With a healthy dose of curiosity and openness, four healthcare VCs shared a deeper level of what life as a VC is really like. I moderated this interesting panel — including Dr. Juan Cueva (Applied Ventures), Liz Rockett (Kaiser Permanente Ventures), Tom Egan (Optum Ventures), and Yizhen Dong (11.2 Capital) — in front of an audience of 30 Berkeley students. Some attendees asked burning questions about their dream job, while others enjoyed a crash course on the world of venture capital. I myself left with lessons that built upon what I learned in my past role in healthcare VC at OCA Ventures. It was my pleasure to moderate such an interesting and talented panel, and I wanted to share this six-section summary with those who may be interested. Enjoy!

1. What they liked about their jobs…

They learn about cool things. Inherently VCs invest in disruptive technologies with significant growth potential.

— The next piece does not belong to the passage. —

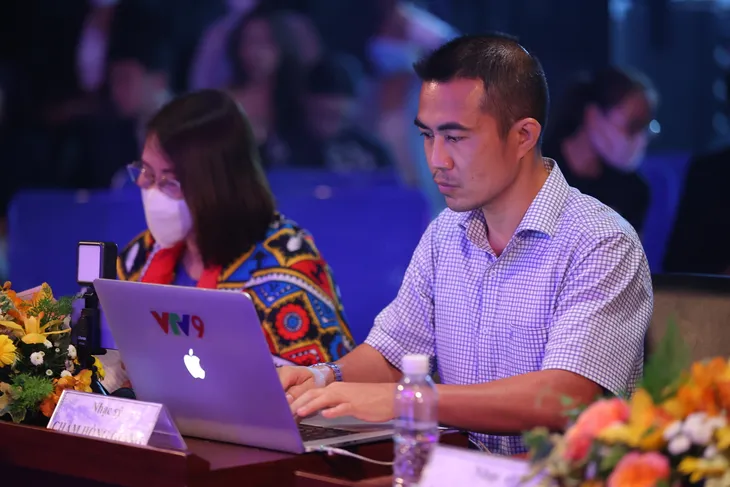 Đêm thi cuối của Sao Mai 2022 Khu vực miền Nam trước giờ G: Tất cả đã sẵn sàng để thí sinh toả sáng - Ảnh 5. Đêm thi cuối của Sao Mai 2022 Khu vực miền Nam trước giờ G: Tất cả đã sẵn sàng để thí sinh toả sáng - Ảnh 5.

Much of their week is spent learning and staying curious about cutting-edge technologies that are applied to various critical healthcare problems.

They meet smart, down to earth founders. VCs regularly meet highly-accomplished and highly-competent founders. These founders are not only very bright, but they are also down to earth. They do not have a chip on their shoulder and take the time to explain deeply technical concepts in a non-threatening way.

2. What they were unpleasantly surprised with about their jobs…

They can feel like a lone wolf. VCs eat what they kill, and they face both external and internal competition. VCs compete with folks externally, those outside their firm, and internally, for their fund’s limited time and resources. While colleagues, LPs, and advisors are willing to help, it is typically after their personal to-do lists are complete. An exception, however, is the relationship between a junior VC and a senior VC.

They spend a lot of time negotiating. Being a VC is all about deal making — before, during, and after an investment is made. So naturally, VCs must negotiate to get the most favorable outcomes. This, however, can be taxing and potentially even distracting from other important parts of the job.

They deal with failure often. Various reports exist on the mortality rate of startups, and for that matter, VC firms themselves. However, VCs believe very strongly in the upside potential of their portfolio companies; their dedication is sometimes even compared to that of a parent-child relationship! When the weather is stormy and the startup they invested in is not doing well — which can often be the case — coping is a challenge.

3. What they do to manage very ambitious ideas…

They build in dissenting views. The benefit of being a lone wolf is that there is a higher burden of proof to make decisions. This forces VCs to not make bets on phony science, teams, and business models. Beyond leveraging formal and informal expert opinions, one VC calls on a “red team” to provide an unbiased opposing view.

They keep an open mind. Like a (in)famous person said, “Healthcare is complicated.” So, while some ideas may be overly-ambitious, others may just work with effective execution. VCs oftentimes miss big opportunities by being too skeptical, so keeping an open mind can allow them to see signal in what appears to be noise.

They rely on storytelling to bring others along. Stories, more than data, can build emotional connection; therefore, VCs use stories to get buy in for ideas that on the surface seem audacious. A good story can be the difference between a moonshot’s success and failure.

4. How they do well and good…

They use their independence to invest in what they are passionate about.Another benefit of being a lone wolf is that VCs can focus their personal investment theses on what matters to them. Social impact can be an important part of the business, and VCs are free to invest in companies whose mission they are passionate about, so long as it makes sense financially.

5. What they do to be informed…

They read. VCs read a lot. Simple. Whether it is popular news, niche news, opinion pieces, or research — much of their time is spent reading.

They listen to others and build a band of supporters. VCs build both formal and informal expert networks that they can call on to find and vet deals and to help their portfolio companies. They attend many events and spend time with founders. Active listening and pattern recognition are critical skills.

6. How corporate venture capitalists (CVCs) operate…

They all are different. All CVCs look different — from LP structure to connectedness with their parent company. Some have evergreen funds that replenish each year, while others need to fundraise internally on a recurring basis, and others appeal for funding off the balance sheet for each deal. Some get investment from outside the business, while others have only one LP — the parent company. Some are only operationally and commercially connected by name, while others are specifically set up for portfolio companies to sell into the parent company.